Так, в 1923 году, говоря о безусловной жизнестойкости антибуржуазных тенденций среди прогрессивно настроенных интеллигентов, Луначарский считал необходимым заметить, что это отнюдь не означает, будто они «вместе с тем мыслят и чувствуют социалистически». «Товарищ Барбюс, — подчеркивал критик, — чрезвычайно обрадовался тому, что я написал в одной своей статье: кто против буржуазии. — тем самым наш союзник! Вот платформа для широкой работы среди нынешней интеллигенции, да, это правильно. Но это не значит, чтобы я этим самым признавал, чтобы они могли быть включены в наш интернационал, чтобы они действительно могли оказаться нашими прочными попутчиками в будущем» [I, 494].

Важным этапом на пути постепенного преодоления многих классовых предрассудков, упрощенных представлений, большевистских иллюзий и схем явилась для Луначарского открывшаяся лишь на восьмом году советской власти возможность впервые после 1917 года побывать за границей. Если прежде пылкому воображению коммуниста–ленинца, без малого десятилетие неотступно бурлившему в котле собственной большевистской пропаганды, довольно радужными представлялись «распад старого общества», «духовное обнищание Западной Европы» и как единственно реальный результат «перенесение духовной культуры мира в голодную и холодную Москву» [I, 273], то ставшие регулярными с ноября 1925 года заграничные поездки наркома просвещения заметно остудили былую его безудержную эйфорию, чрезмерную революционную гордыню, вообще, внесли немало корректив в коммунистические иллюзии Луначарского.

Это не значит, разумеется, будто он вдруг преобразился «из Павла в Савла». По–прежнему звучал его бодрый оптимизм в утверждениях о том, что «мы идем не в хвосте, а во главе Европы» и что «они — это прошлое, которое уходит, а мы — будущее, которое возникает» [II, 66, 249]. И теперь его искренне беспокоит «неуверенность в основных путях развития, особенно сильно наблюдающаяся в искусстве» Запада.
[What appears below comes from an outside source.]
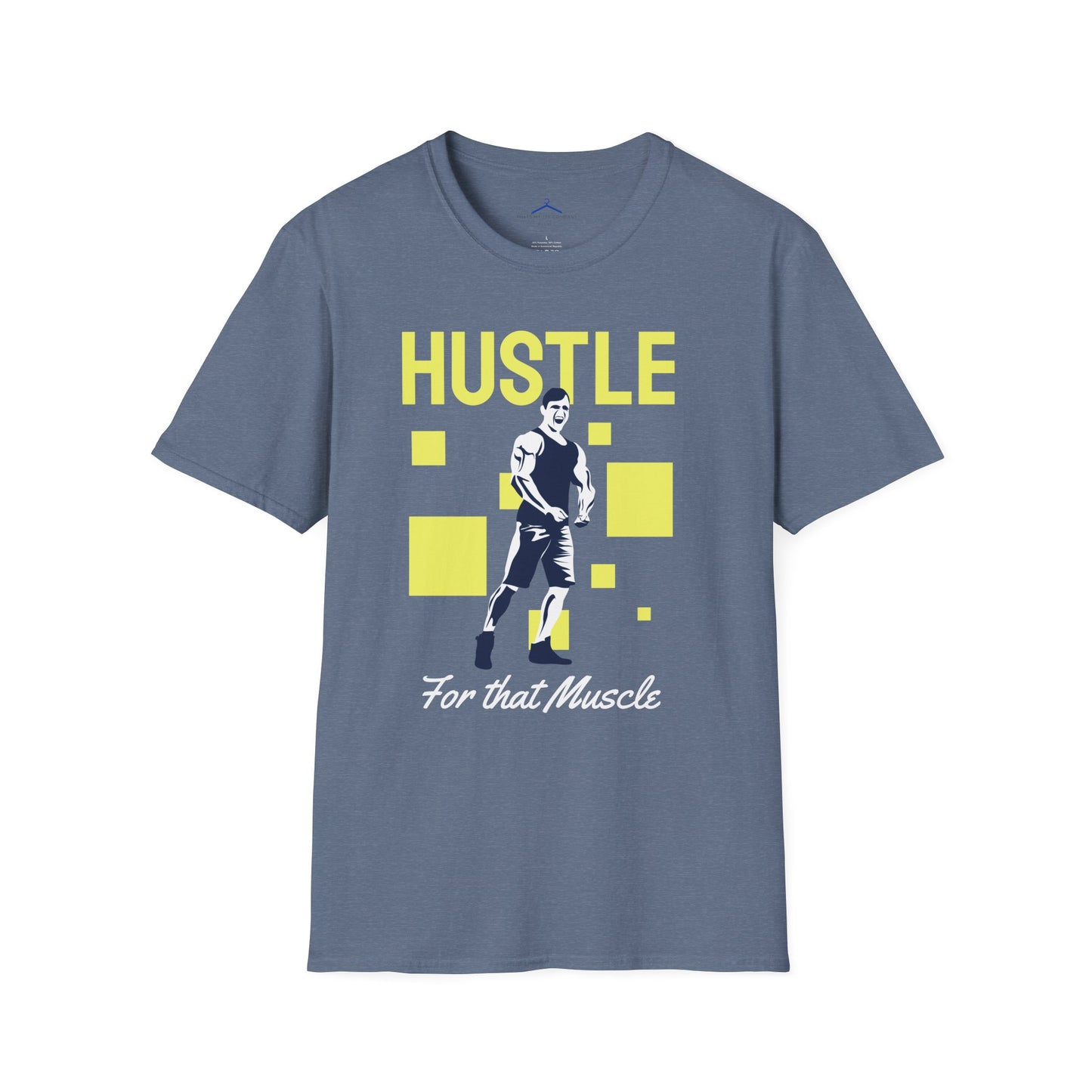 Hustle For That Muscle Fitness T-Shirt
Он серьезно задумывается также и над тем обстоятельством, что «капитализм поддерживает тонко задуманный порядок жизни, установленный буржуазией, создающей особое «колесо жизни», особый быт, которое притупляет сознание трудящихся» [II, 67, 327].

В «Письмах из Парижа» (1926) Луначарский, пожалуй, впервые после октябрьского переворота отдает должное «технической» оснащенности буржуазных литераторов, у которых в этом отношении пролетарским авторам «есть чему поучиться». «Когда идет война между сильными противниками, — напоминает нарком–публицист, — то всегда бывает чему поучиться у вооруженного врага» [II, 70]. Но не только врагов встречал Луначарский на Западе. Так, в Германии, более других капиталистических стран движущейся в политическом отношении, по его живым наблюдениям, «справа налево», он явственно различает «даже симпатии по отношению к нам»: «у одних потому, что они изверились, у других по политическим соображениям, потому что им нужна Россия» [II, 76]

Любопытно, что как раз в середине 20–х годов нарком неоднократно напоминал, что именно «России суждено всем ходом исторического развитий быть важным звеном между Западом и Востоком» [II, 29]. И у Запада следует учиться. «Мы должны поднять нашу культуру на высоту, равную западной, но совершенно иными путями», — убежденно заявляет нарком. Собственную культуру пролетариату следует строить «в большой зависимости от европейской: в ней есть хорошее и мы это хорошее будем переносить к себе». Только строительство собственной культуры, — убежден Луначарский, — следует вести, «идя по совершенно новому пути» [II, 411, 269]. Им, конечно, должен был стать «единственно верный путь — марксистский». Тут Луначарский оставался совершенно непреклонным в своих коммунистических убеждениях.

Но уже сам факт отказа от стереотипа «замкнутости» тоталитарной системы, выхода большевизма из круговой обороны, определенной его открытости был, безусловно, знаменательным.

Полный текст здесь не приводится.